#### Raw data:
== Segment start ==

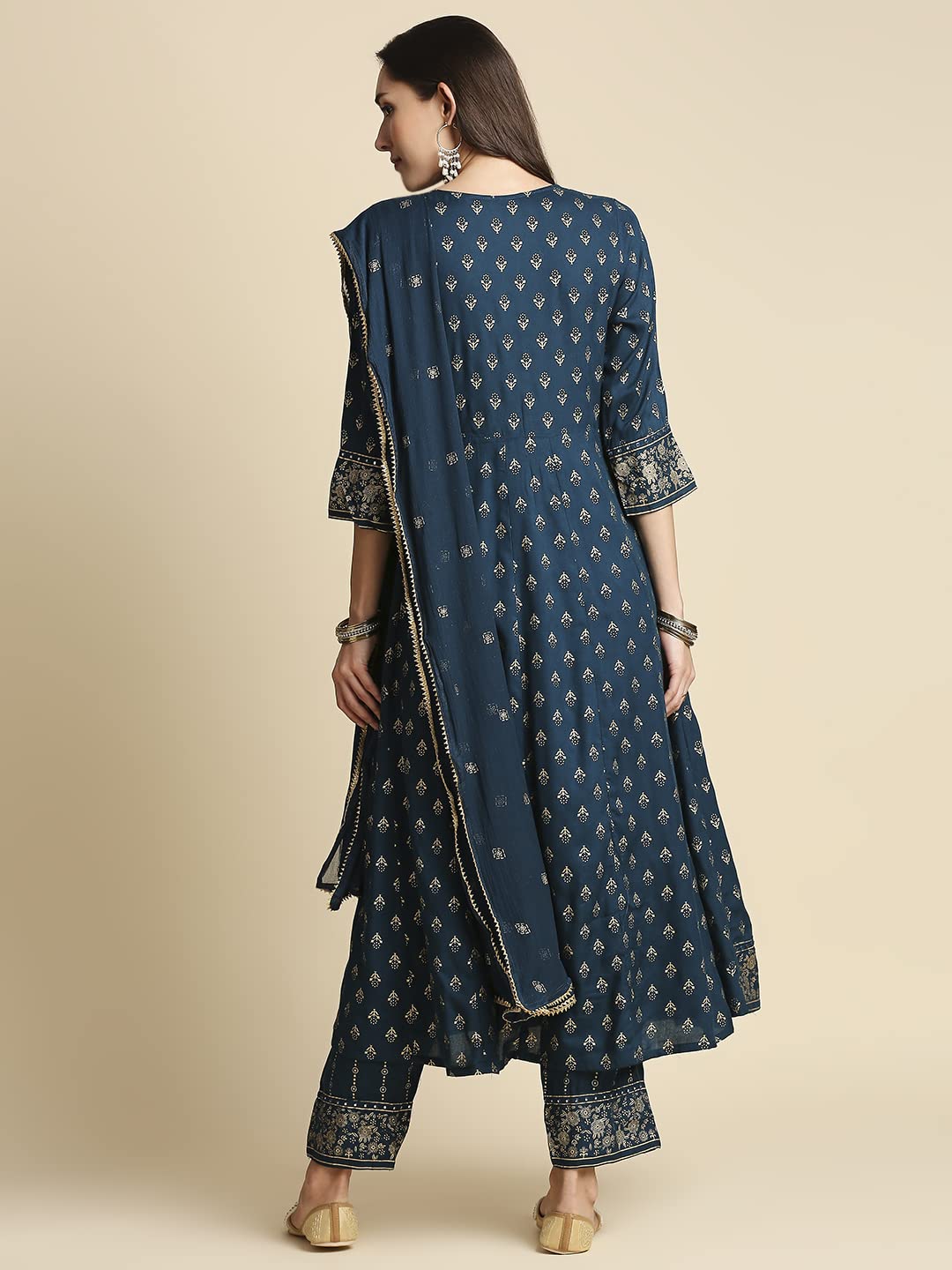 Anubhutee Navy Blue Ethnic Print Anarkali Kurta Pant Suit Set With Dupatta For Women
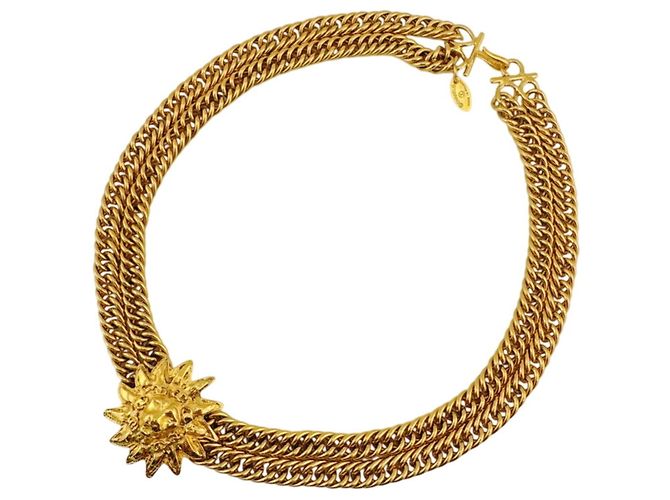 Collana Choker Chanel Vintage Gold D'oro - vista 2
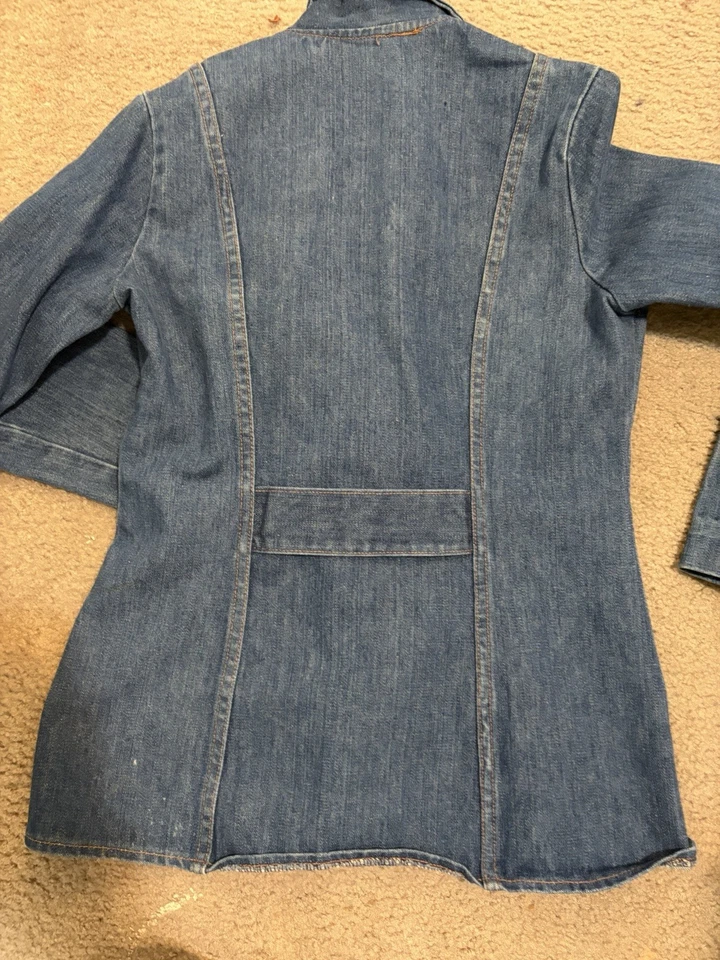 Chaqueta Blazer Ajustada De Colección Wrangler Para Mujer Azul Denim Talla Mediana EE. UU. Foto 2 de 4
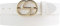 BELTINGER Damen-Gürtel EMIL aus Vollrindleder 3 cm | Schmaler Ledergürtel für Damen 30mm | Gold glänzend | Weiß 95cm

== Segment end ==

#### Assignment:
Restate exactly, please, only the lines between the start of the data and the line containing "Chaqueta Blazer Ajustada", both ends included, skipping the pictures.

#### Exercise solution:
 Anubhutee Navy Blue Ethnic Print Anarkali Kurta Pant Suit Set With Dupatta For Women
 Collana Choker Chanel Vintage Gold D'oro - vista 2
 Chaqueta Blazer Ajustada De Colección Wrangler Para Mujer Azul Denim Talla Mediana EE. UU. Foto 2 de 4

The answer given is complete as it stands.